Last Updated Feb 7, 2018 7:19 PM EST

PYEONGCHANG, South Korea -- Vice President Mike Pence vowed Wednesday the U.S. will soon hit North Korea with the "toughest and most aggressive" sanctions yet over its nuclear weapons program. Pence is on his way to lead the U.S. delegation at the Winter Olympics in South Korea. 

The younger sister of North Korean dictator Kim Jong Un is also heading to the Olympics. Kim Yo Jong is believed to be a trusted adviser to her brother, but it's not clear if she's being sent to deliver a message on his behalf. 

"We'll look closely at who's with her and what she does and what she says," said North Korea expert Jeffrey Lewis. "But we don't have a lot of details about what precisely her role is." 

Because of her influence, the South Korean media calls her the North's Ivanka Trump. She would be the first member of North Korea's ruling family to cross the border. But she may not receive a warm welcome. 

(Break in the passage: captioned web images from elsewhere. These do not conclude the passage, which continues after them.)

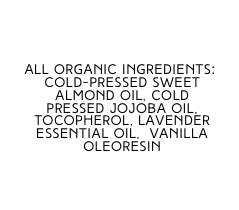 Organic Nourishing and Penetrating Lavender Vanilla Nail Oil
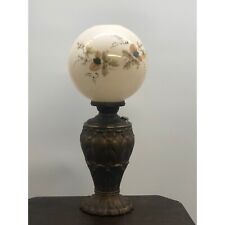 Victorian Hand Painted Floral Fall Colors Art Nouveau Gone With The Wind Lamp picture
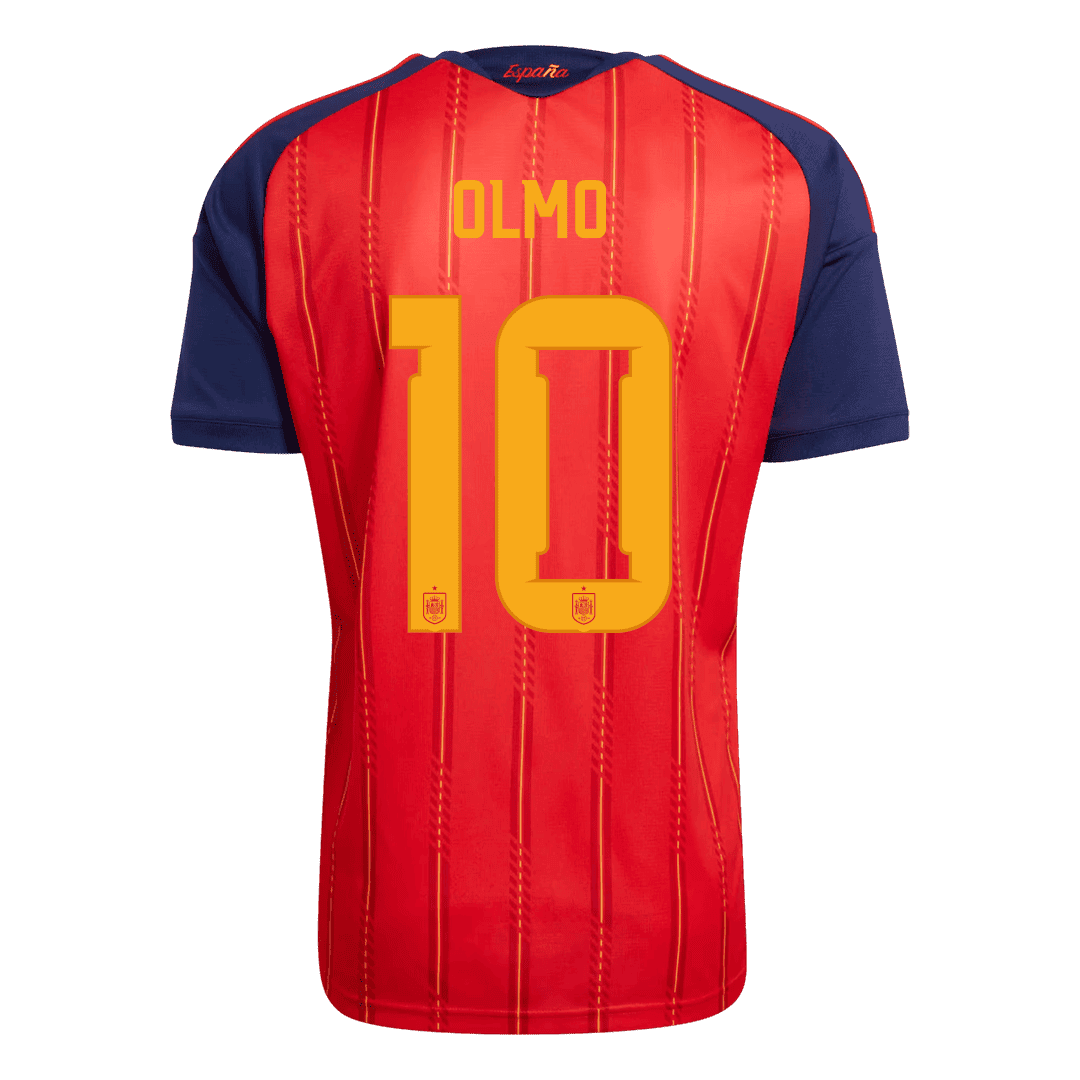 Maglia Replica Spagna Casa OLMO #10 Uomo Mondiali 2026 Champion Edition
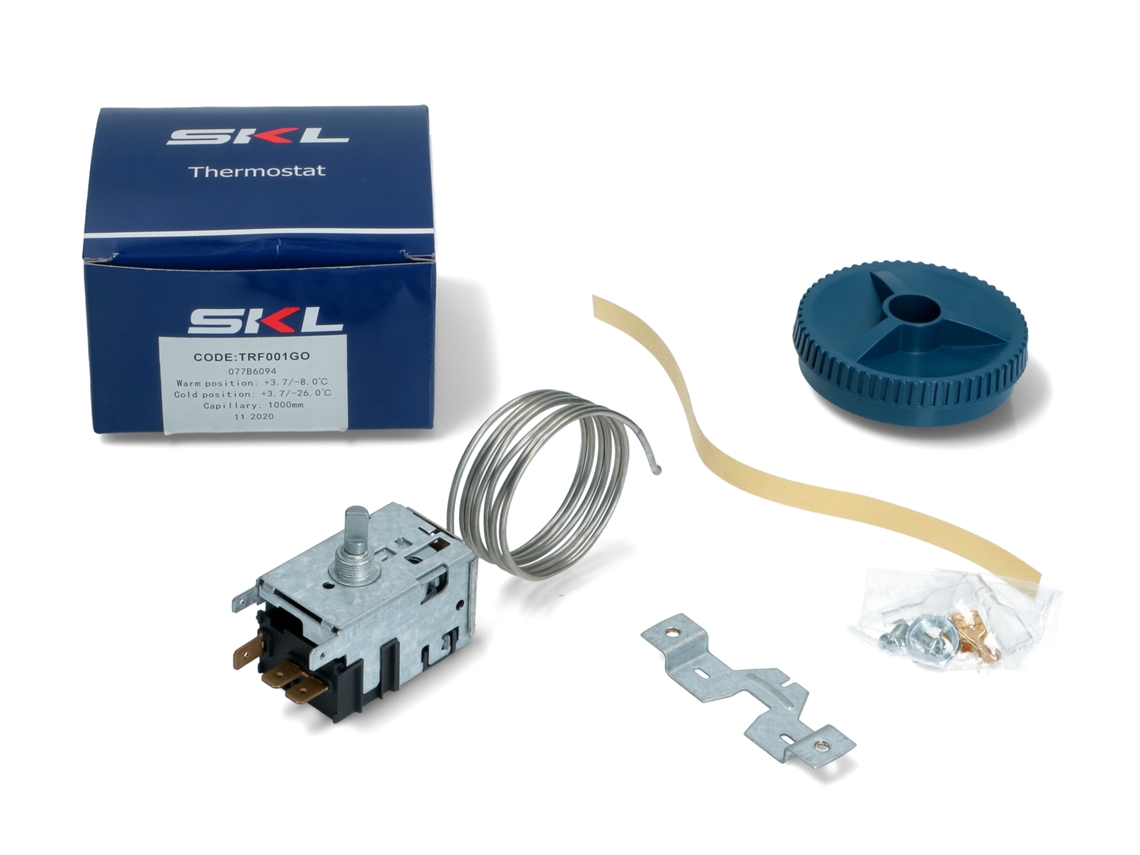 Termostato para Geladeira Danfoss 077b6094 Gorenje 540263 Frigorífico Trf001go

Protesters have been greeting the members of the North's delegation, which numbers more than 500 people. They're angry that Kim Jong Un's regime is participating in the Olympics and stealing the spotlight. 

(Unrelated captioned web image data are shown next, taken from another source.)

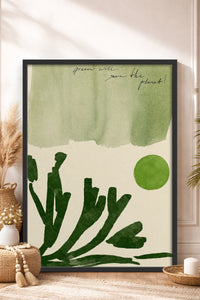 HOMEPACK Ahşap Çerçeveli Tablo Çerçeveli Poster Sanatsal Modern Duvar Dekoru BEK-8443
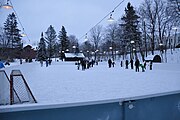 The grounds of Rideau Hall also includes a skating rink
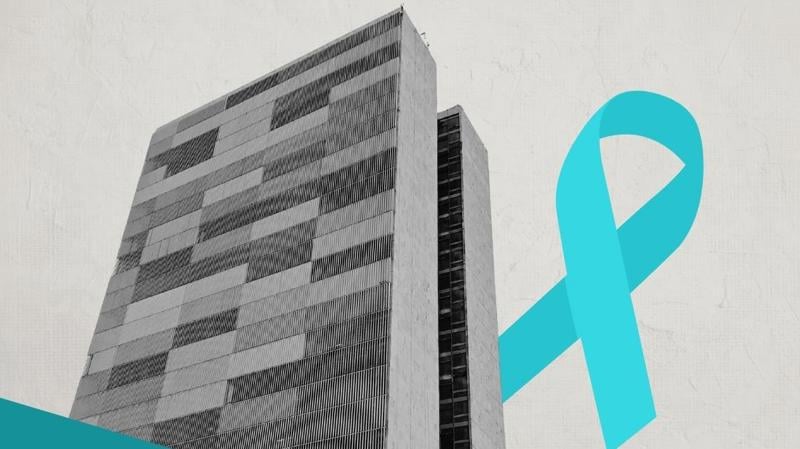 Síndrome é representada pelo laço verde água.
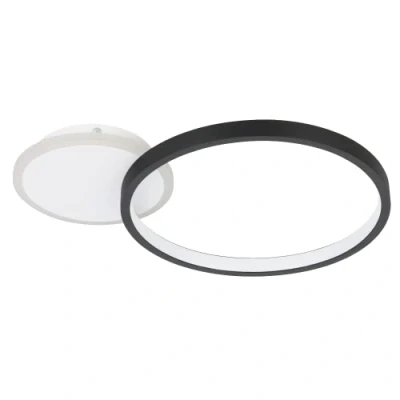 Imagen de EGLO Lámpara LED de techo Gafares, aluminio negro 41 cm control remoto CCT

South Korea has requested a waiver from the United Nations Security Council for North Korean sports official Choe Hwi to travel to the games, CBS News' Pamela Falk reports. Choe is on a U.N. blacklist barring him from travel. The Security Council has until Thursday to consider the request.

"We are working closely with the U.S. and others to ensure that there will be no violations of U.N. Security Council sanctions resolutions in regard to the visit by the high-level North Korea delegation," said Cho Tae-yul, South Korea's ambassador to the U.N. 

Meanwhile, Pence is attending the opening ceremony to counter what he views as propaganda. 

"We will not allow North Korean propaganda to hijack the message and imagery of the Olympic Games," Pence said. 

At a stop in Tokyo, Pence announced new but unspecified sanctions on North Korea. They are expected to take effect during the games, which could complicate the efforts of South Korea to engage Kim Jong Un's regime. But experts say sending his sister is a sign of what Kim Jong Un is thinking. 

"North Korea's government is a family affair. It's run by the Kim family. So to send a senior and important member to the Olympics means the government is taking this very seriously," said Lewis. 

Members of North Korea's delegation are expected to meet with South Korean President Moon Jae-in while they are here. A meeting between them and Pence now seems less likely given the U.S. is about to impose more sanctions on North Korea.